La definición que han hecho Bush y Powell respecto a una situación de guerra
es, ciertamente, la más apropiada. El problema es que los actos violentos
de Nueva York y Washington no son el detonante de ninguna guerra (al modo
y manera de un "segundo Pearl Harbor") sino que, más bien, son la
continuación de una guerra que se viene manteniendo durante mucho tiempo en
el Oriente Medio, el Golfo y el Sur de Asia, entre Estados Unidos y sus aliados
por una parte, y las naciones y pueblos árabes de dichas regiones por otra.
Irak viene siendo sistemáticamente atacada por los bombarderos americanos
y británicos desde hace más de una década. Se puede decir, por lo tanto, que
la Guerra del Golfo nunca finalizó.
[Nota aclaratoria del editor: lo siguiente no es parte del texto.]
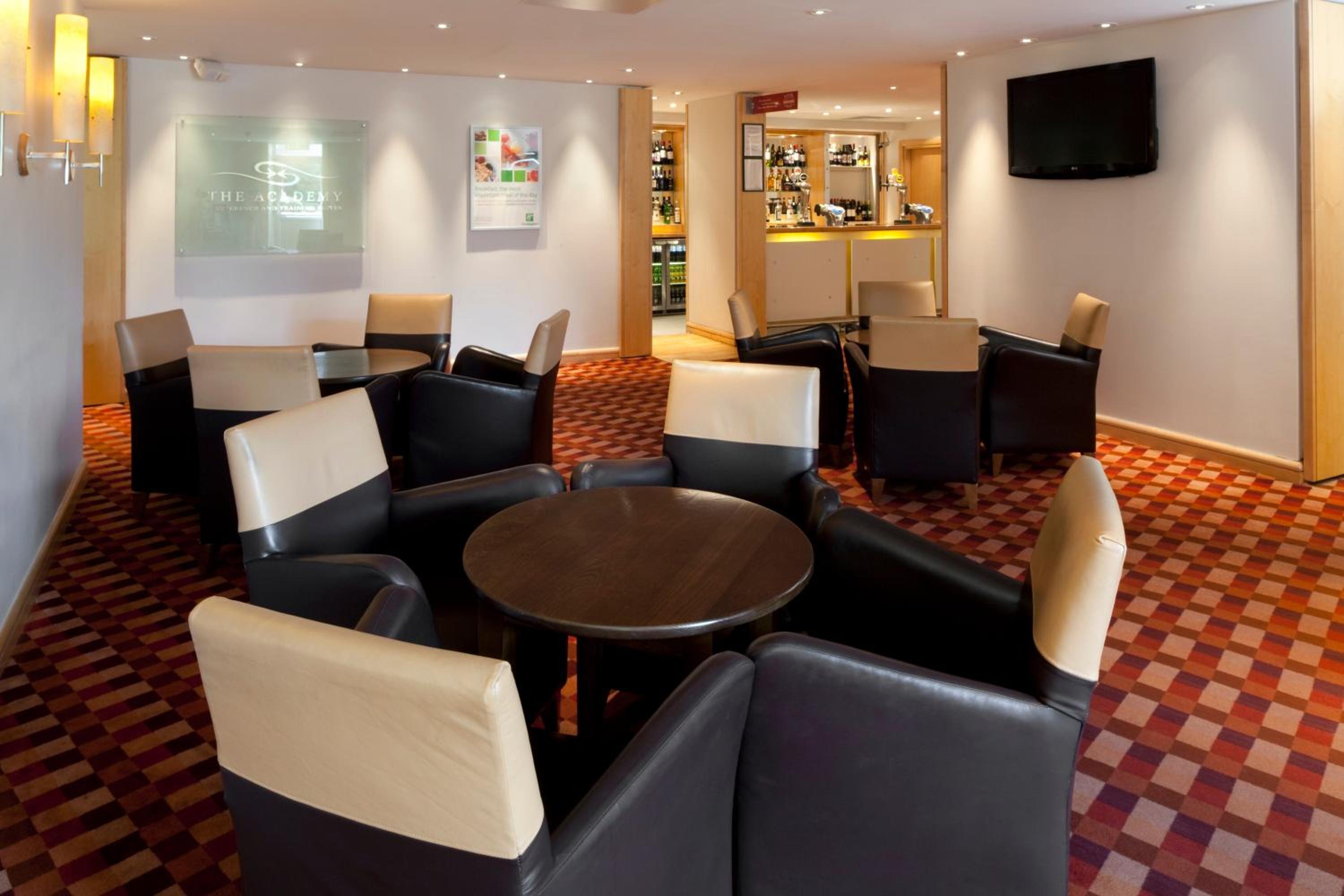 Basingstoke Vacations - Holiday Inn Basingstoke, an IHG Hotel - Property Image 2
Continua el apoyo indesmayable de Estados
Unidos al régimen israelí que sostiene una guerra contra los palestinos plena
de ataques israelíes por tierra y aire y de atentados suicidas por parte palestina.
En el sur de Asia y el norte de Africa, Estados Unidos se ha visto involucrado
en actos de guerra contra Afganistán, Libia y Sudán como prolongación de su
conflicto contra terroristas árabes o musulmanes.
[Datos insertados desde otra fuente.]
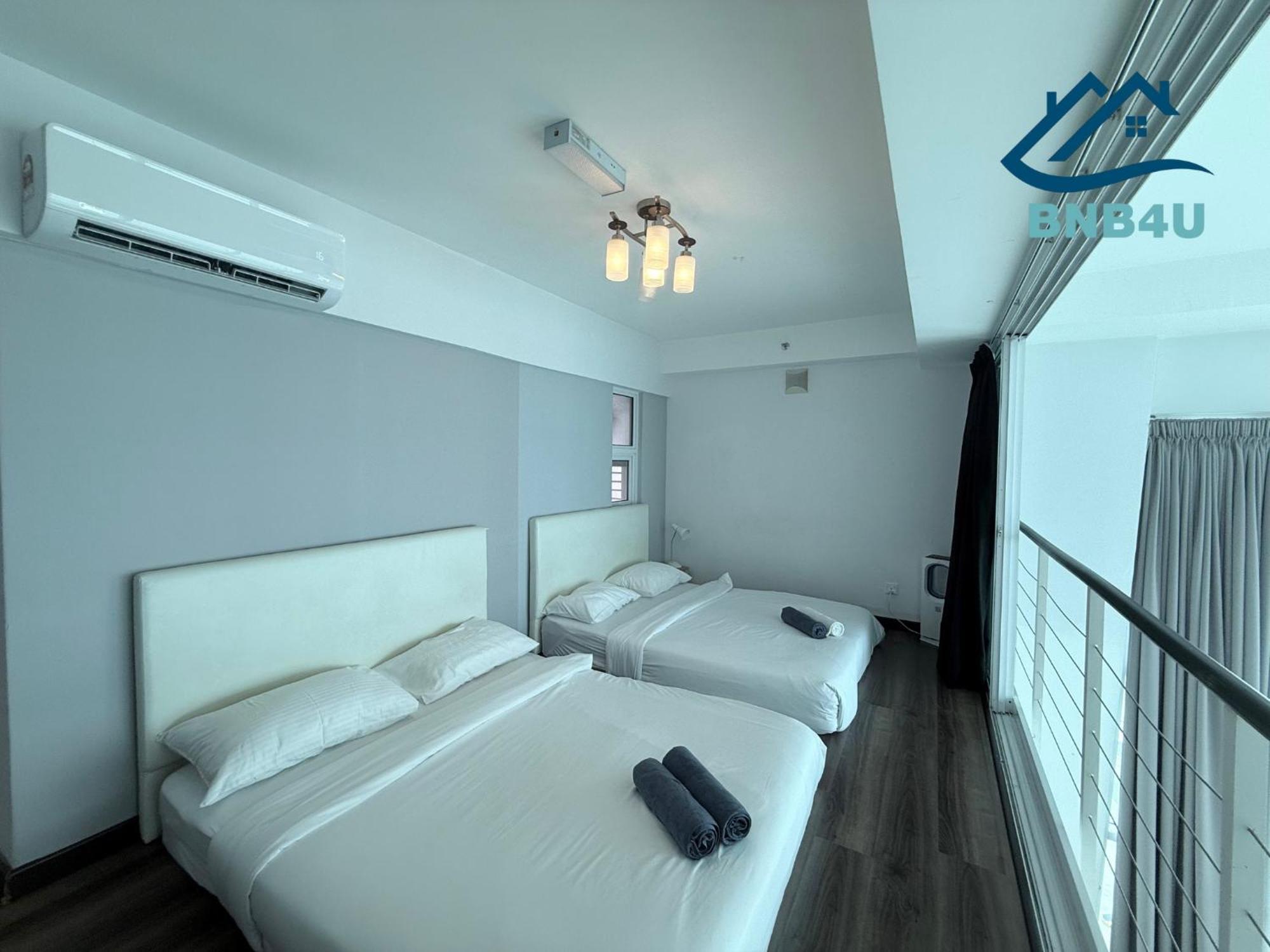 Duplex Seaview Comfort Stay In City By Iz George Town Ngoại thất bức ảnh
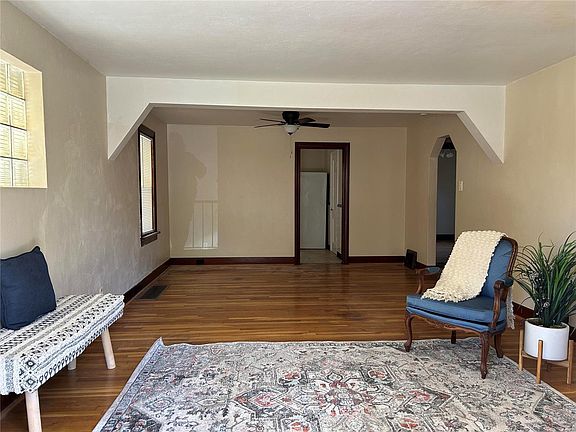 3rd image of 7125 Theodore Ave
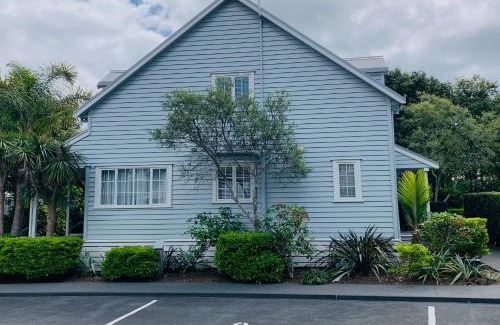 Russell House | Kingfisher Cottage 2 or 3 Bedroom - Russell Cottages Collection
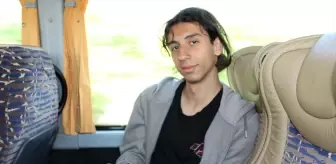 Kamp Katılımcısı Lise Öğrencisi, Bitkin Halde Bulduğu Kırlangıcı Tedavi Etmek İçin Memleketine Getirdi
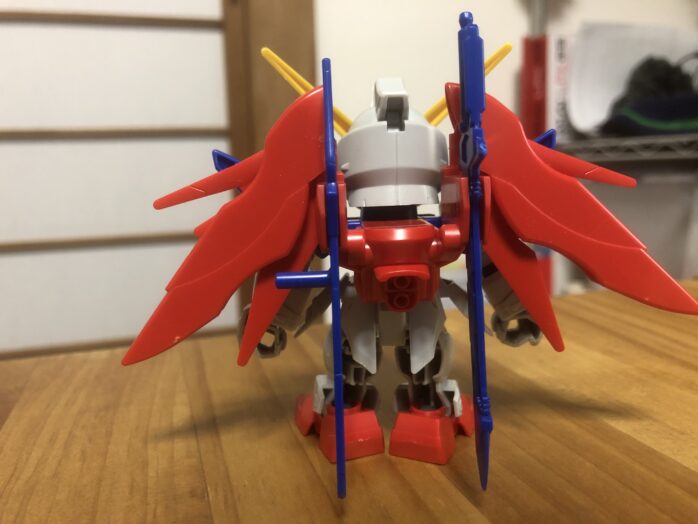 EXSTデスティニーガンダム背面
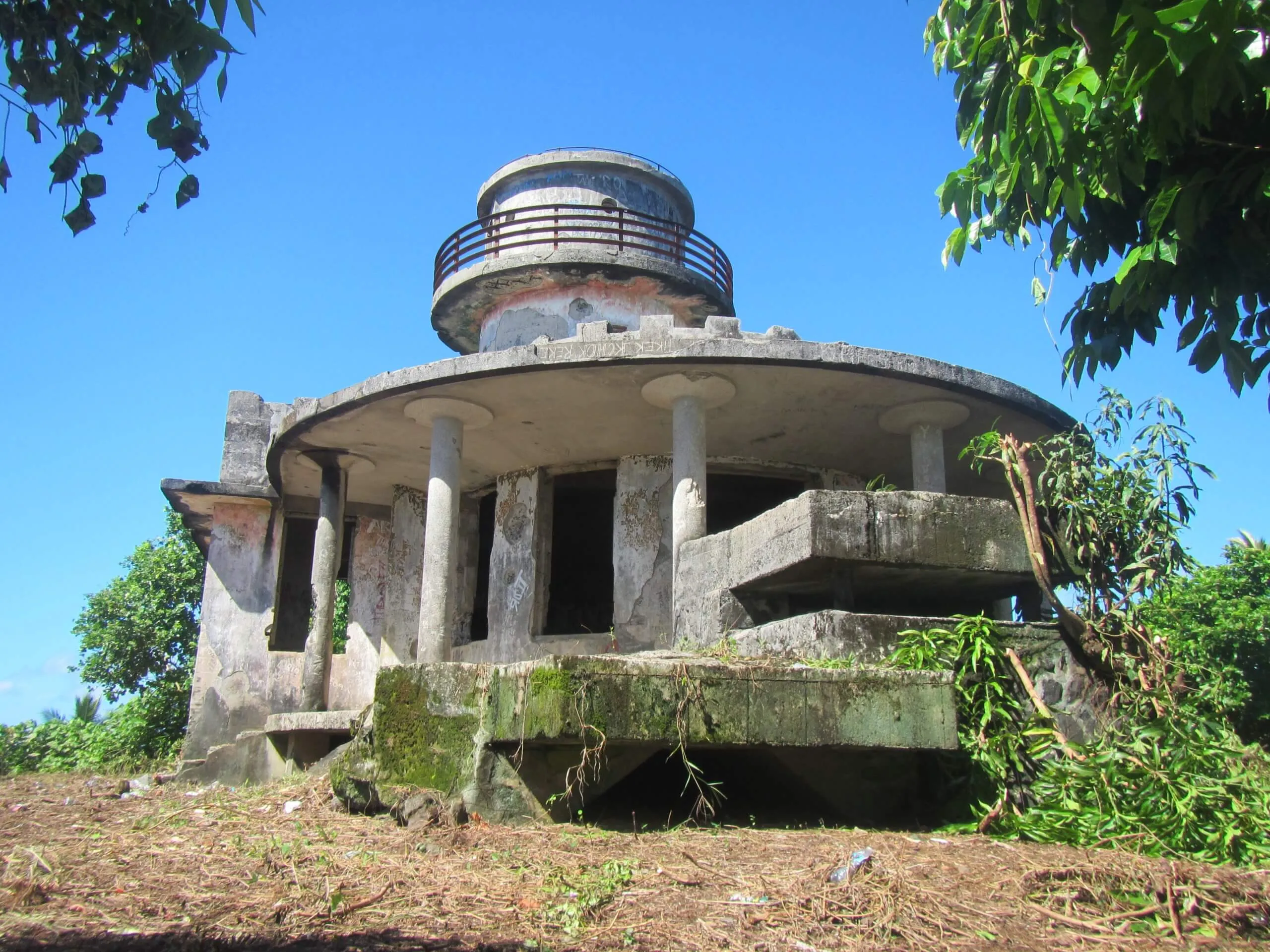 Old Japanese Lighthouse in Micronesia, Australia and Oceania | Architecture - Rated 0.7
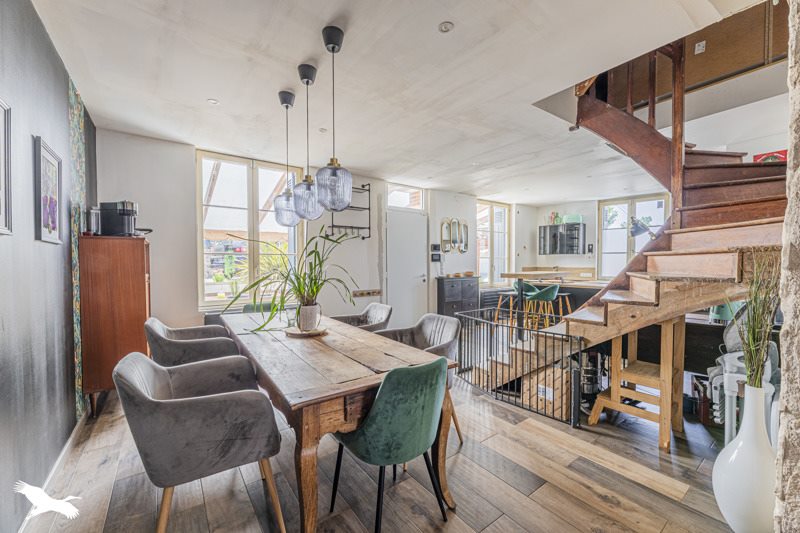 Vente Maison CHARGE - 6 pièces -200 m² - (37530)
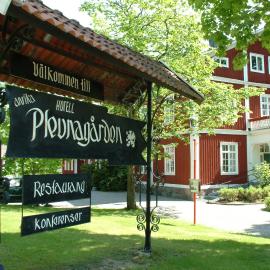 Hotell Plevnagården，位于Malmköping的酒店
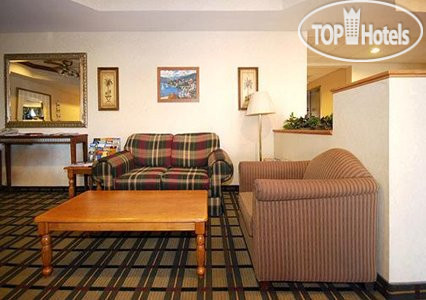 Hotel photo Comfort Suites South Haven 2*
La implicación de Estados Unidos en esta guerra siempre ha permanecido invisible
o, cuando menos, muy distante para la gran mayoría de la ciudadanía norteamericana
porque los escenarios donde se han producido estos hechos violentos están
demasiado lejanos, en el Oriente Medio o cualquier otro sitio igualmente distante.
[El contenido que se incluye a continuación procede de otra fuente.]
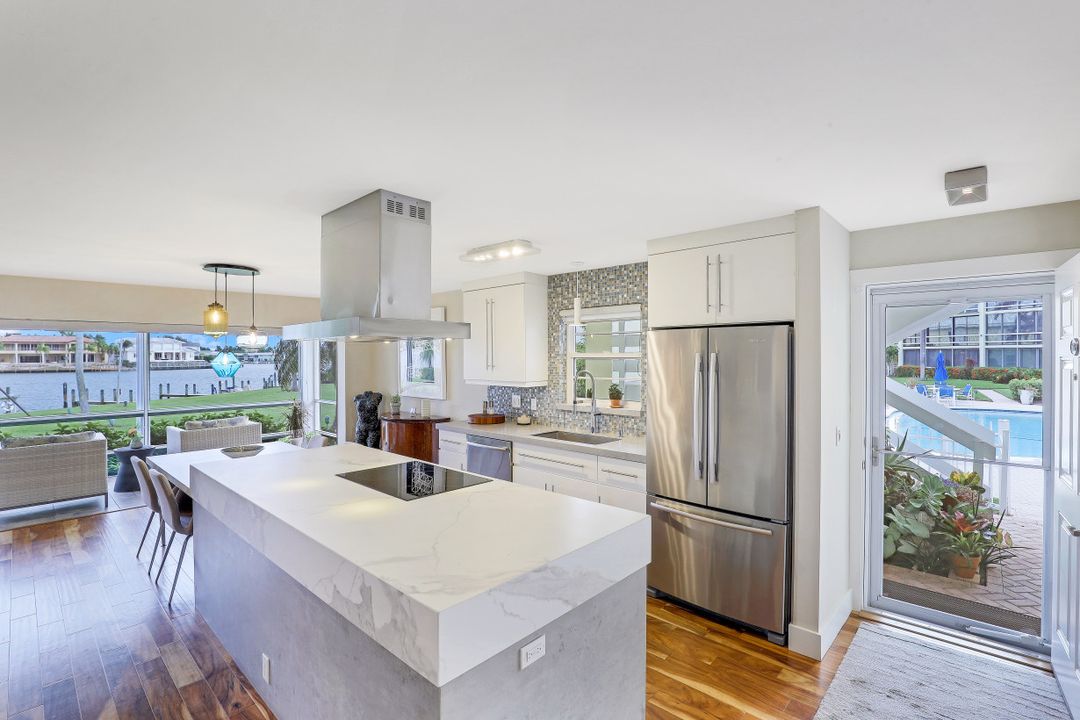 3300 Gulf Shore Blvd N #103, Naples, FL 34103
Por equivocación o descuido, el primer ministro de Israel, Ariel Sharon, ha
sido muy explícito respecto a la interrelación existente entre estos conflictos,
al vincular la violenta guerra contra los palestinos con la violencia en Nueva
York y Washington.
La posible propagación de una guerra que afecte a Estados Unidos, al igual
que la amenaza de Washington de declarar la guerra a los estados que procuren
"paraísos seguros a los terroristas", ha puesto muy nerviosos a
los inversores. Los financieros de Wall Street temen que se produzca una venta
masiva de acciones y bonos, especialmente por parte de los inversores extranjeros,
además de una fuga de las inversiones en dólares en busca de otras alternativas
más seguras. La destrucción del World Trade Center, muy próximo a Wall Street,
aumenta la percepción entre los inversores de que el poder global de Estados
Unidos no sólo no es invencible sino que, también, resulta vulnerable ante
un ataque.
El atractivo de los valores y bonos norteamericanos siempre ha estado mucho
menos relacionado con su economía especulativa que con su imagen de baluarte
de la estabilidad. Una posible salida de inversiones extranjeras empujaría
la economía norteamericana a una recesión de gran calado y, según estiman
los economistas, se originaría una campaña en contra del dólar que debilitaría
sensiblemente la balanza de pagos de Estados Unidos.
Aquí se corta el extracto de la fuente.